|Do you know where your variables are?|
Re: notabug quizby davido (Archbishop)
|on Dec 12, 2003 at 08:40 UTC||Need Help??|
Here is a spoiler for #4: ok4, eval ' "(R)" =~ m(\(?r)\)?)i ';
First, capture the error that's occurring by printing the error contained in $@:
Sequence (?r...) not recognized in regex; marked by <-- HERE in m/(?r <-- HERE /
From that we see what perl (the executable) finds to be a problem: (?....) is a trigger mechanism for extended parenthesis patterns. For example, (?:...) represents a non-capturing paren. (?=...) represents a zero-width lookahead assertion. But there is no such thing as (?r...). perl doesn't know how to compile that, and generates a compile-time error. You can verify that fact by moving the regexp in question outside the eval block. The code never gets past the compile stage if you do.

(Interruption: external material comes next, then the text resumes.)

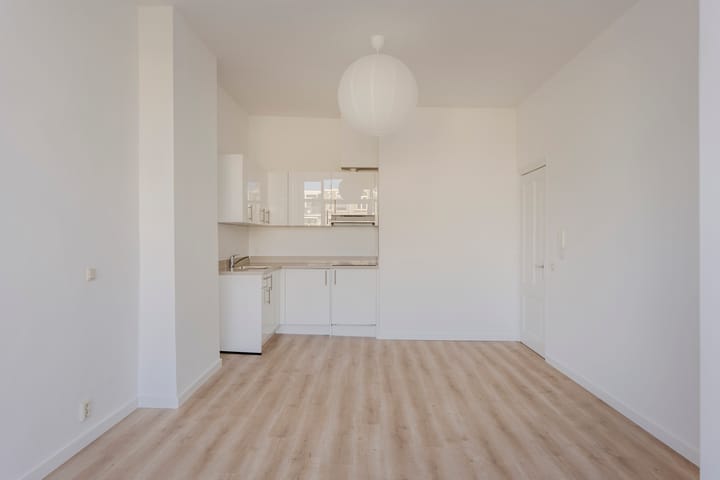 Foto 4 van Weimarstraat 281-A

But why is it that the "\(" escaped parens are not staying escaped? Ah, that's the mystery. If you change the RE from m(.....) to m/...../, the problem goes away. Double mystery? Or clue perhaps? At first I dug into perlre but quickly realized that the answer had something to do with the choice of parenthesis as quotish-delimeters, and re-focused the investigation on the Quote and Quote-Like Operators section of perlop.
There we can read the following:
Gory details of parsing quoted constructs
So what is actually happening is that when using m(...) (pairing delimiters) the \( and \) are, in the first pass, skipped as you would expect, and the actual beginning and end of the quoted material (the regex) are found properly.
But in the second pass, the \ backslash is stripped away from the inner parens, as documented. The result is that the inner parens are no longer escaped. When passed to the Regular Expression compiler, what the compiler recieves is: m/(?r)?/i. And in particular, as we saw before, (?r) is a syntax that the compiler has no idea what to do with. Thus endeth the story.